XL Re Europe SE senior executive officer Mohamed Alali says those who act fast will reap the benefit: “There are opportunities for those (re)insurers who look ahead and invest early in building the required expertise to offer relevant solutions for the fast-developing industries, such as renewable energy and IT.”
Englund highlights that emerging risk coverage poses its own challenges. “Examples of the challenges we face are the quantification of risks when there is little experience available, or in understanding the conditions in a country new to an underwriter,” he says. “Technology plays a vital role in this regard, and the investments and developments we make are crucial.”
Lehner supports this view, stressing that the opportunities would mean more than providing capacity alone: “In light of all these, reinsurers will need to go beyond just providing capacities,”
he says. “For example, major lines such as property or engineering, already have ample reinsurance capacity in the Middle East, resulting in fierce industry competition. Changes from the region’s economic diversification will translate into opportunities for the reinsurance markets that are innovative in their service provisions. The challenge for those markets that are not [innovative] will be their relevance.”
Not all the region’s opportunities revolve around its need for diversification. The MENA Pulse highlights that the region’s executives considered the region’s low insurance penetration as the key future opportunity offered by the market. The ratio of premiums to GDP is a mere quarter of the global average.
Digitisation was viewed as the third most frequently mentioned opportunity, because of its potential to both bring down operating and acquisition expenses and make insurance products more appealing and meaningful. The second was compulsory schemes related to health and motor.
External opportunities
The Middle East is also in a position to grasp opportunities external to the region. Protectionism has been used in emerging markets to safeguard policyholders and to build internal insurance markets, but it is no longer viewed as an emerging market mechanism. Populist and nationalist views have led to protectionism and isolationist movements in the West, including Brexit. These developments could be viewed as an opportunity for an open Middle East, given that internationalism is vital for a competitive (re)insurance market and risk-transfer development.
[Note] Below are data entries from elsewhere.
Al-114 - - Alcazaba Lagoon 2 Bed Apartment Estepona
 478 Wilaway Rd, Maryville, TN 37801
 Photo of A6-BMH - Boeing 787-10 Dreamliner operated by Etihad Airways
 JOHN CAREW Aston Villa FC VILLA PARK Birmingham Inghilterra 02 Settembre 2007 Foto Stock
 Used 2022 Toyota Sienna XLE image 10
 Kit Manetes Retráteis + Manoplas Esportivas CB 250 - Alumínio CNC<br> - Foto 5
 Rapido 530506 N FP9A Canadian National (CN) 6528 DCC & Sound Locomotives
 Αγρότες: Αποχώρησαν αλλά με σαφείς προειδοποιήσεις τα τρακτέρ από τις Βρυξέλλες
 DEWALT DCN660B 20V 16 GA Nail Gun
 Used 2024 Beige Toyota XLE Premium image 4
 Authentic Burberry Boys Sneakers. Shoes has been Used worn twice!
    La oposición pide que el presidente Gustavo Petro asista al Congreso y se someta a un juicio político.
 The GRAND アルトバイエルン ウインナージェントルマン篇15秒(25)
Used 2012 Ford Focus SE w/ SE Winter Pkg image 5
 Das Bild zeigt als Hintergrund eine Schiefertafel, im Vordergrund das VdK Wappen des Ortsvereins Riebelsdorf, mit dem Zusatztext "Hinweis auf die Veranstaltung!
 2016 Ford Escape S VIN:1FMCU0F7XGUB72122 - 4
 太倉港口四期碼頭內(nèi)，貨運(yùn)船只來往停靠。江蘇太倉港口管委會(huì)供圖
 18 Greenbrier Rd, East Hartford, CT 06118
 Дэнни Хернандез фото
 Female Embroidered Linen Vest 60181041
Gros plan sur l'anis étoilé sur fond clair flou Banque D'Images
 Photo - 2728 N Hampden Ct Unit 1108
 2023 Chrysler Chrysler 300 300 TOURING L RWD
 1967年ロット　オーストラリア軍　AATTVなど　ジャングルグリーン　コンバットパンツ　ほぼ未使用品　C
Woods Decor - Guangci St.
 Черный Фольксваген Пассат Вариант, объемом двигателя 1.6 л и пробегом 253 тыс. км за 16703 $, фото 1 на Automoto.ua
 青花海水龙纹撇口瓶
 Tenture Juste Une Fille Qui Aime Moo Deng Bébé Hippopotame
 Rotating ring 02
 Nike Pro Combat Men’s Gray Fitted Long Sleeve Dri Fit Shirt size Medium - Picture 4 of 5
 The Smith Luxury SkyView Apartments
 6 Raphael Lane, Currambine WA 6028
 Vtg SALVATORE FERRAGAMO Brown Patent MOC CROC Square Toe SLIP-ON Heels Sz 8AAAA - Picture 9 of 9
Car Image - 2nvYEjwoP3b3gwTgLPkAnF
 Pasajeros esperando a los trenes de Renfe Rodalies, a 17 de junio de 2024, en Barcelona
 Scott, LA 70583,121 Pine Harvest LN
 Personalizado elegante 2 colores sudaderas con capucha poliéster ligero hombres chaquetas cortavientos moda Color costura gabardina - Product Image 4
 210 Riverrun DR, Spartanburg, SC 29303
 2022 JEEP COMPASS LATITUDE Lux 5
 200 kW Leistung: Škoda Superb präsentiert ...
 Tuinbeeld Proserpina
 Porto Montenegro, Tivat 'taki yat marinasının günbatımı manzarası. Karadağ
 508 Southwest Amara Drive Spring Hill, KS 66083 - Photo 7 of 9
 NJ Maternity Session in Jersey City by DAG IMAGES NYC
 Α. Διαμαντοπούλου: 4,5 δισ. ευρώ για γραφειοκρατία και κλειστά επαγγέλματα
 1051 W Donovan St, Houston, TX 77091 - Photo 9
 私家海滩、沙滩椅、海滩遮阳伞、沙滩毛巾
“While we also see protectionist measures in some Middle Eastern markets, a big opportunity for the region is the continued development of an open and service-oriented environment,” says Alali. “Dubai is well positioned – the Dubai International Financial Centre (DIFC) offers outstanding infrastructure as well as a common legal framework and an independent regulatory system. The region is considered an increasingly attractive location for international (re)insurance companies. For reinsurers, there are great opportunities in Dubai: there remains a strong reinsurance purchasing culture among local clients with large property, industrial and energy exposures across MENA, as well as growing opportunities in the casualty and specialty lines.”
Lehner believes that the region’s openness is key to its success, particularly given its trade routes: “Trade is essential for this region and it is important that its business borders continue to stay open. On top of its open borders, the region’s trade advantages include language – English and Arabic are both used here – and relative to other regions such as Asia, the Middle East is more culturally homogeneous. Therefore, with trade barriers being erected elsewhere, I see opportunities and investments coming from abroad into the region,” he says.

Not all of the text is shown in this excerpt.